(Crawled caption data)
= = = = = = =

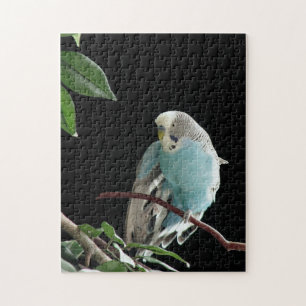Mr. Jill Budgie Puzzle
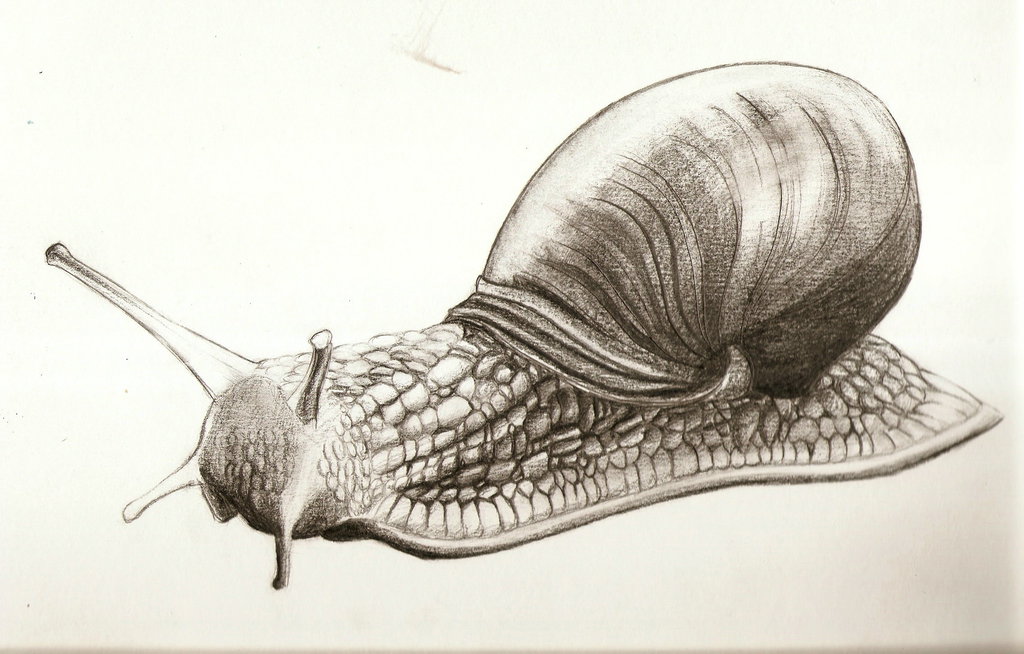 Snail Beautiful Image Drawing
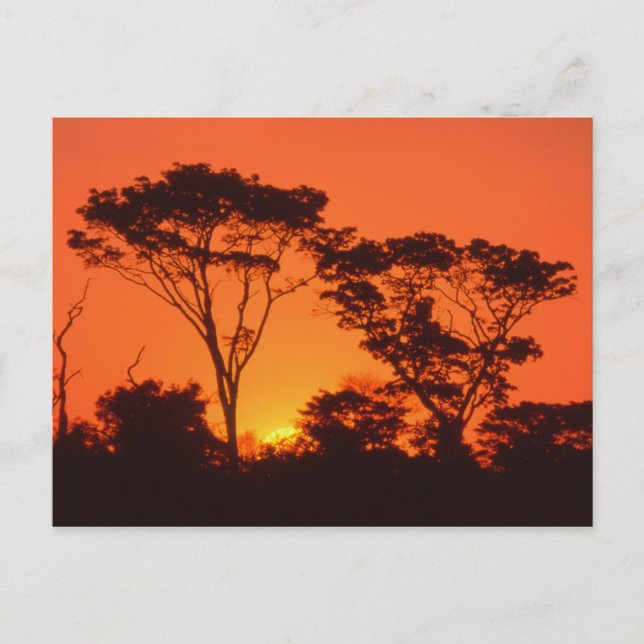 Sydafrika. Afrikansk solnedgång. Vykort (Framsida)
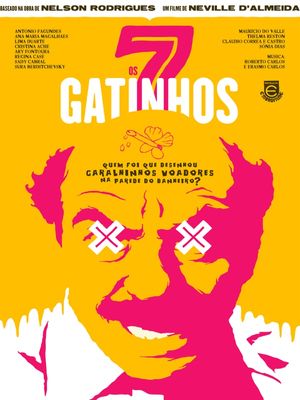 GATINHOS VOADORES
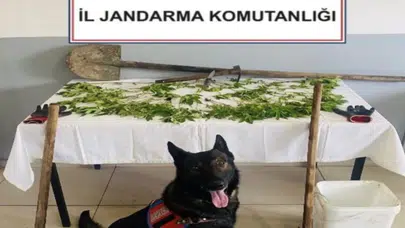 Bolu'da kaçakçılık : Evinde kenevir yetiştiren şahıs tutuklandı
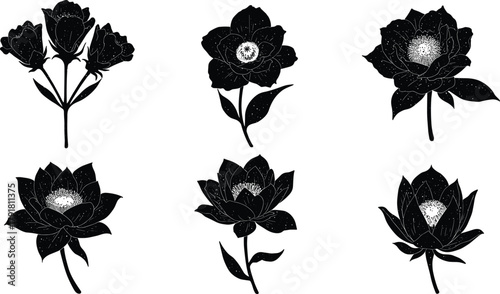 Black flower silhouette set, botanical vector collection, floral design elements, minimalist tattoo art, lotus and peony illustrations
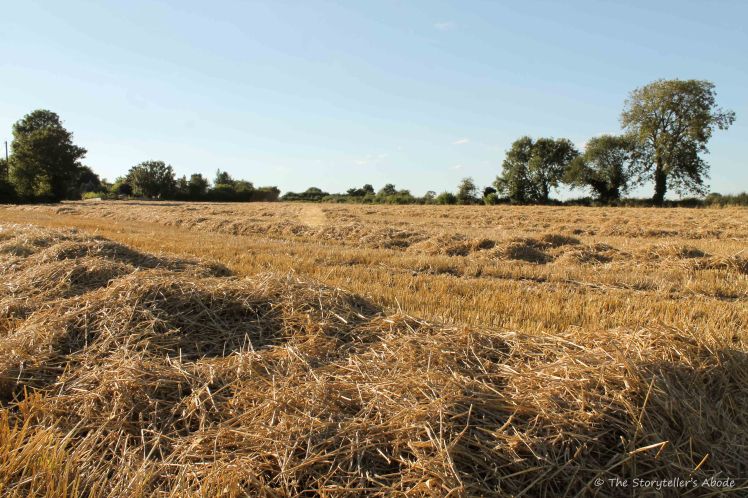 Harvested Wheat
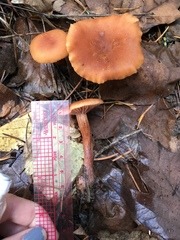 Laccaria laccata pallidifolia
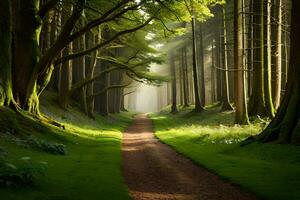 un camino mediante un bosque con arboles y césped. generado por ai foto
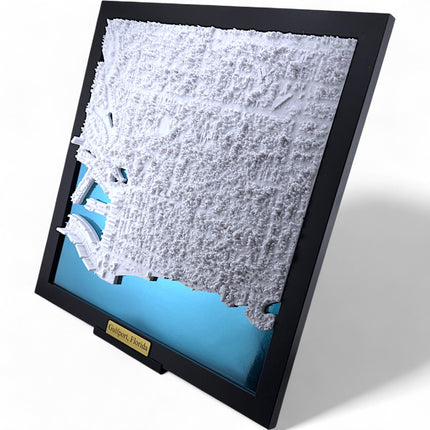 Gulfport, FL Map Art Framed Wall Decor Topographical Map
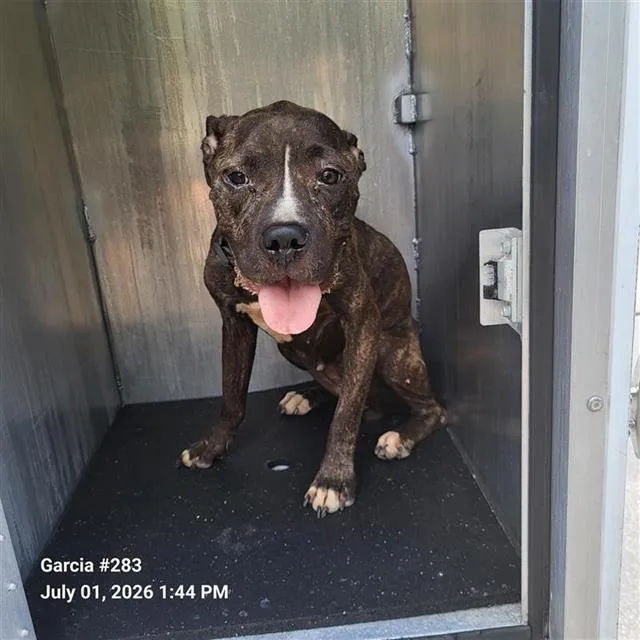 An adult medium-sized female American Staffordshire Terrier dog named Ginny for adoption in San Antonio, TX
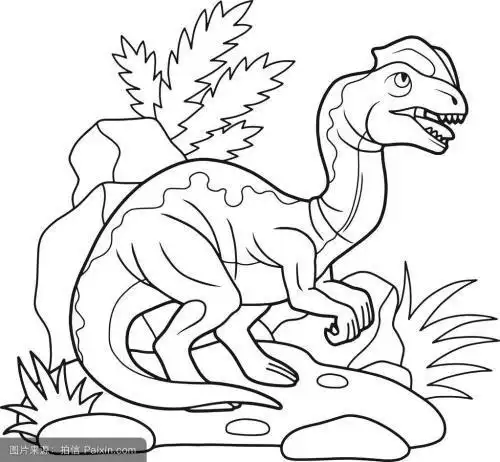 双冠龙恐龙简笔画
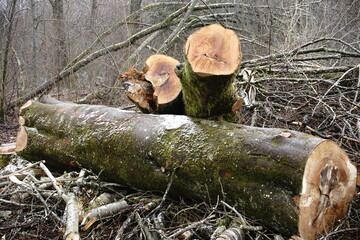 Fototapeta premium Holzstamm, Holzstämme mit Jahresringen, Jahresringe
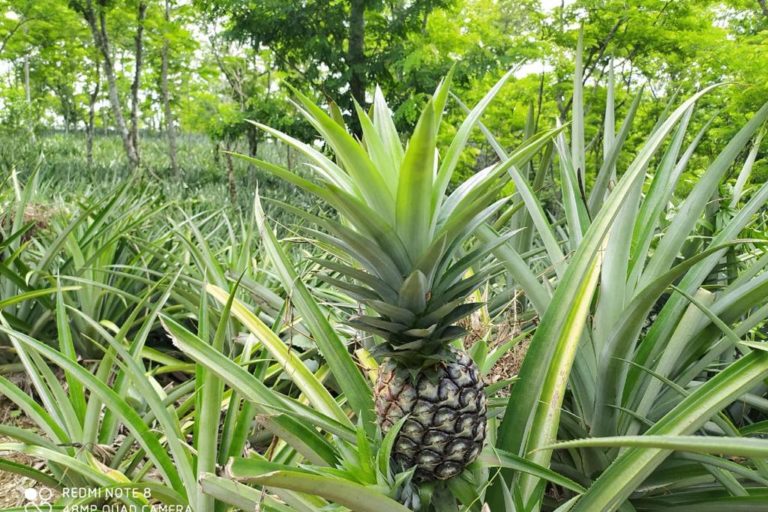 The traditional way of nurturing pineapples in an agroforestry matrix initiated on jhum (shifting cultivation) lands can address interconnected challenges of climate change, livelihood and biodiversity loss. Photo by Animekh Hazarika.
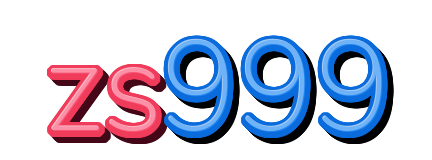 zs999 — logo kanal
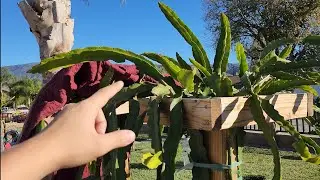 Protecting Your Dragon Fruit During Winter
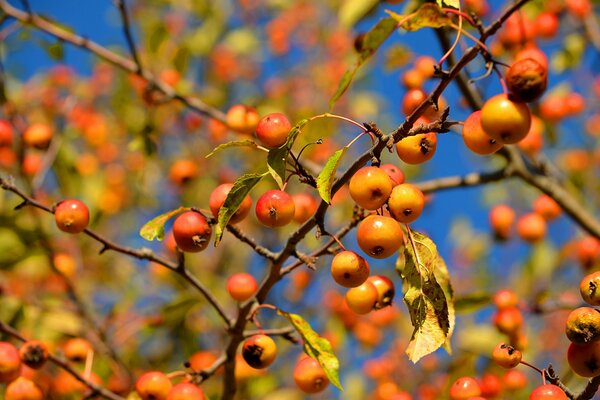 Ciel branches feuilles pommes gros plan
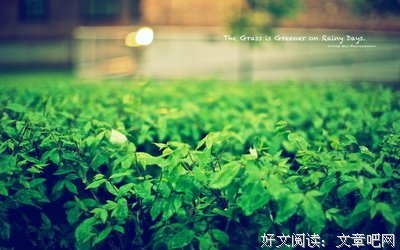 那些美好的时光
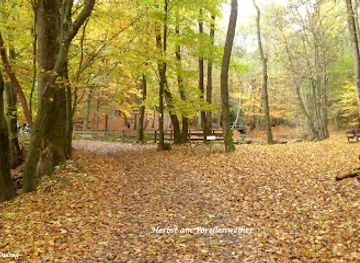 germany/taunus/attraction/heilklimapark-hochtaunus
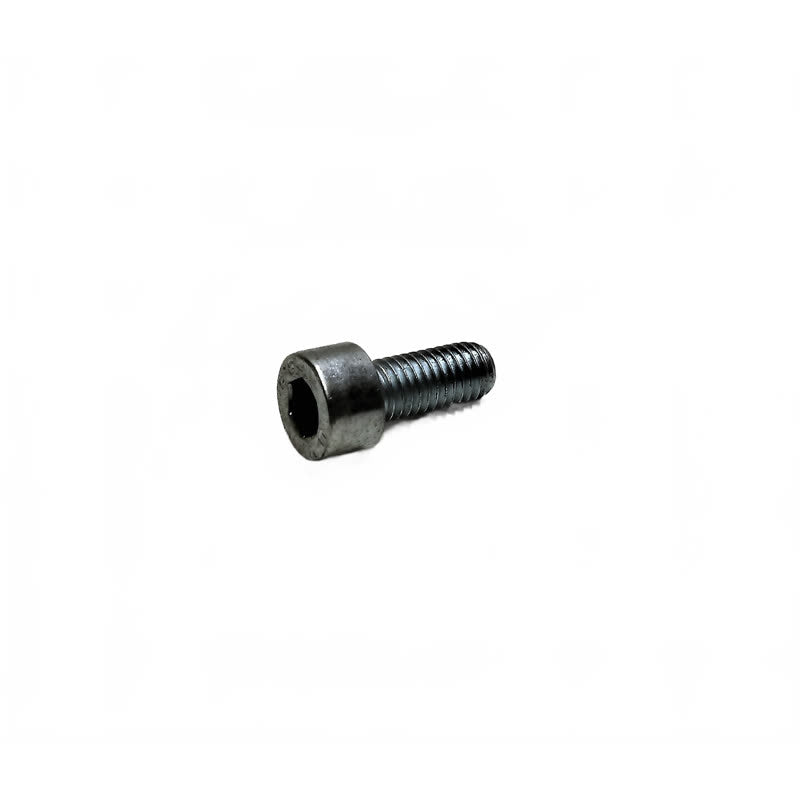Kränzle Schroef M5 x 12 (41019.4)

= = = = = = =

▶ [TASK TO CARRY OUT] Quote exactly, and nothing besides, the lines from the one with "germany/taunus/attraction/heilklimapark-hochtaunus" through the end of the records above; include both ends and omit the pictures.

▶ [SOLUTION TO THIS PROBLEM]
 germany/taunus/attraction/heilklimapark-hochtaunus
Kränzle Schroef M5 x 12 (41019.4)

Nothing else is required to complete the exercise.